Review — Rethinking ImageNet Pre-training (Object Detection, Semantic Segmentation)

Training From Scratch Not Worse Than ImageNet Pre-Training

Sik-Ho Tsang
Feb 21 · 4 min read
The model, ResNet50-FPN Using GN, trained from random initialization needs more iterations to converge, but converges to a solution that is no worse than the fine-tuning counterpart.

In this story, Rethinking ImageNet Pre-training, by Facebook AI Research (FAIR), is briefly reviewed.

Pre-training have been used over training from scratch for many papers. However, is the pre-trained knowledge really useful when transferred to other computer vision tasks?

In this story, some facts are discovered:

  • Training from random initialization is surprisingly robust, the results hold even when: (i) using only 10% of the training data, (ii) for deeper and wider models, and (iii) for multiple tasks and metrics.
  • ImageNet pre-training speeds up convergence early in training, but does not necessarily provide regularization or improve final target task accuracy.

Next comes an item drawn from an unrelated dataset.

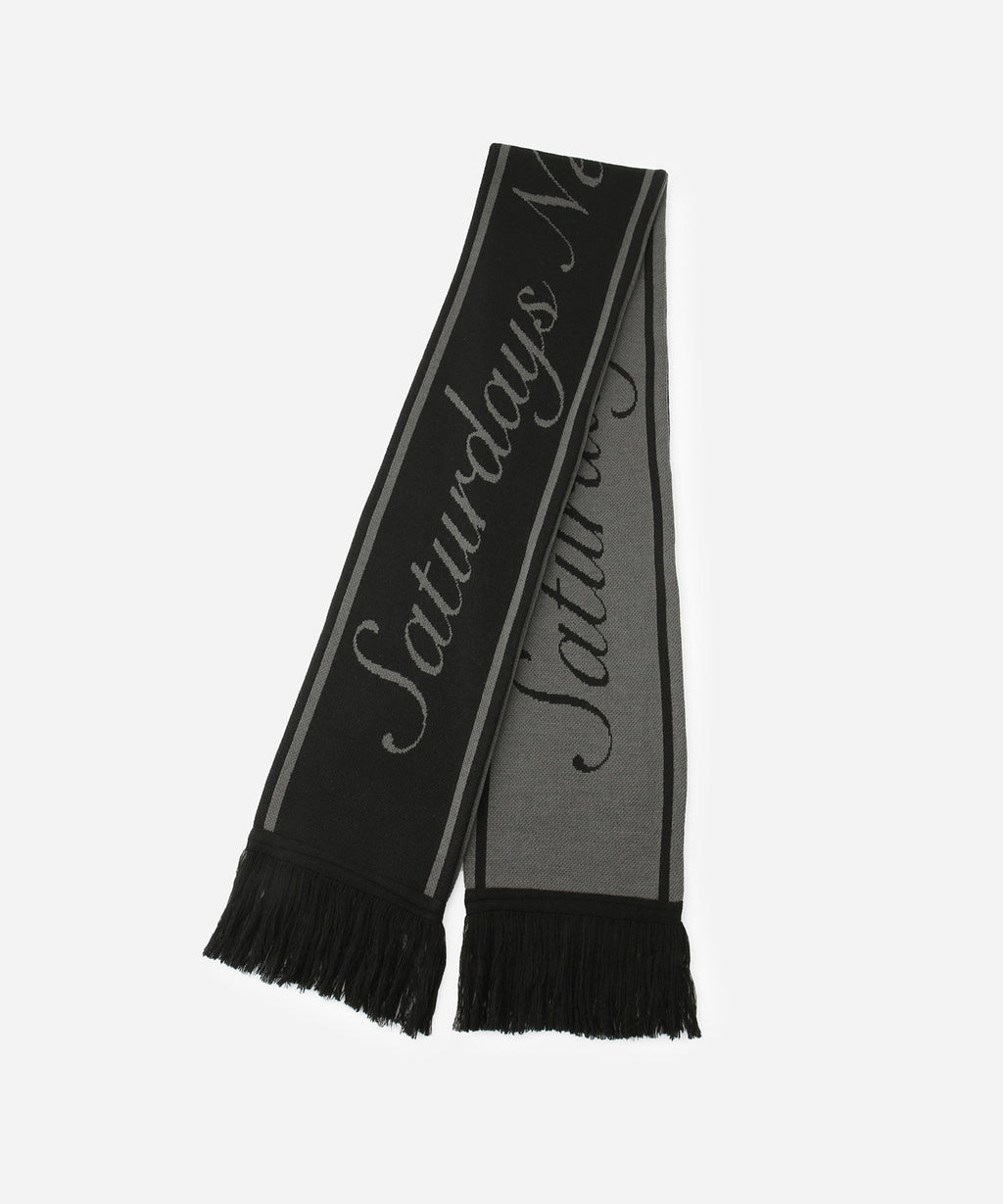 Saturdays NYC Saturdays NYC Football Scarf in Black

This is a paper in 2019 ICCV with over 350 citations. (Sik-Ho Tsang @ Medium)

(There are many details on the experimental setup to make the experiment fair. I would skip some of the details and results to make the story short. If interested, please free feel to visit the paper.)


  1. Number of Training Images & Setup
  2. Training from Scratch to Match Accuracy
  3. Training from Scratch with Less Data
  4. Discussions

1. Number of Training Images & Setup

1.1. Number of Training Images Involved

Total numbers of images, instances, and pixels seen during all training iterations, for pre-training + fine-tuning (green bars) vs. from random initialization (purple bars).
  • Typical ImageNet pre-training involves over one million images iterated for one hundred epochs. In addition to any semantic information learned from this large-scale data, the pre-training model has also learned low-level features.
  • On the other hand, when training from scratch the model has to learn low- and high-level semantics, so more iterations may be necessary for it to converge well.
  • As shown above, if counting image-level samples, the from-scratch case sees considerably fewer samples than its fine-tuning counterpart.
  • Actually, the sample numbers only get closer if we count pixel-level samples.

1.2. Setup

  • Mask R-CNN with ResNet, and ResNeXt plus Feature Pyramid Network (FPN) backbones are used.
  • GN/SyncBN is used to replace all ‘frozen BN’. SyncBN means using BN under multiple GPUs.
  • The models are fine-tuned with 90k iterations (namely, ‘1× schedule’) or 180k iterations (‘2× schedule’) to a so-called ‘ schedule’ which has 540k iterations.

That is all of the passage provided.